Let’s remember that we got into this healthcare cost crisis because we socialized our healthcare dollars by pooling them together and allowing doctors and hospitals to charge whatever they could against that overfunded pool. Over the years, the increase in the cost of healthcare has outpaced the insurance companies’ ability to add new members to the pool and to charge marketable premiums. Insurance premiums which the government and companies once gladly paid, instead of increased wages, are now crippling their operational costs. Now, insurance companies are cutting doctor’s fees, denying medical services, and increasing premiums to overbearing amounts. The goose that laid the golden eggs is now biting back. Doctors and hospitals which once lavished in the socialized pooling of healthcare dollars now bitterly complain that insurance companies hamper their ability to function in the free market system by having bureaucrats and insurance clerks determine their fees. That’s almost laughable. There is hardly anything free market about our healthcare system. It is a socialized mess.

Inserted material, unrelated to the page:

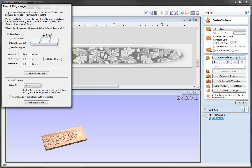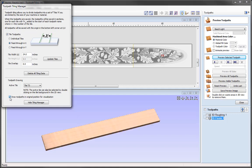It is important to note that the draw toolpaths in original position for visualisation option does not affect the actual X0, Y0 position of the tiles and toolpaths that we save out. X0, Y0 will always be where we set it in the material setup and will be the same for each individual tile. Another option in the manager is the tile overlap.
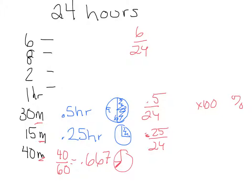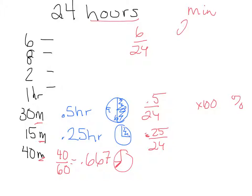Some of you are using a lot of minutes and getting very specific, which is fantastic. So I've seen some people decide, rather than working in hours, they're going to work all in minutes. So all their denominators are in minutes. How many minutes in a day? 24 times 60.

What are our options? Anything we try to do is going to be chaotic. We’ve taken a free market entity and turned it into a socialized entity in a market system which is still primarily free market. The major problem is that forces other than free market forces have artificially inflated the cost of healthcare beyond what it would be if health insurance never came along. So, the chief question is: What do we do with the artificially inflated medical costs?
To a large extent there’s not much we can do. Doctors couldn’t keep their doors open if we went back before insurance and applied cost of living and inflation rates to their fees and paid them what that calculated out to be in today’s dollars. In other words, their business overhead has gotten artificially higher than what they would be making today if health insurance would have never happened. In order for them to make it, we’d have to make the same calculations with all medical suppliers and everyone associated with medical costs. That’s not going to happen. Medical costs are going to be out of balance with personal wages for the foreseeable future. That gap is likely to never get close again. To a large degree, undoing our artificially inflated medical costs is like trying to unboil a hardboiled egg. That’s the problem with socialized anything.
Medical costs are so high that a person has to have health insurance or risk major financial disaster. Even so, many people with insurance are wiped out by uncovered medical expenses. The cost of healthcare in this nation is out of control and affects everything from auto insurance to Medicare & Medicaid. It’s not that we don’t have enough dollars in the pool. The problem is that there is never enough dollars in the pool. The more there is, the more it takes, the more is taken.
Our country’s current solution is a form of universal health care. This is a short-term fix that will bring monies into the healthcare pool by mandating that all people get insurance. The young people who typically don’t buy health insurance or use healthcare services are forced to contribute to the pool. However, there’s not enough new young people’s dollars to outpace the veracious appetite of medical care. The hope is that the increases in insurance premiums, cuts to services, and boards to determine medical necessity and feasibility of a service will slow down the consumption of the pool dollars. Already though, hospitals are being closed and “cash-poor governments are ditching public hospitals”. I’m not sure that the cure for the ills of socialized medicine is more socialized medicine. It’s pouring good money after bad money. This cure looks worse than the disease.
As many predicted in the early days of health insurance, we are headed for full socialized medicine. Further, we’re likely headed for the same socialized medical mess as we see in other parts of the world. With mandatory health care, we’ll all be in the same leaky boat…except for the thousands who are exempted for political reasons.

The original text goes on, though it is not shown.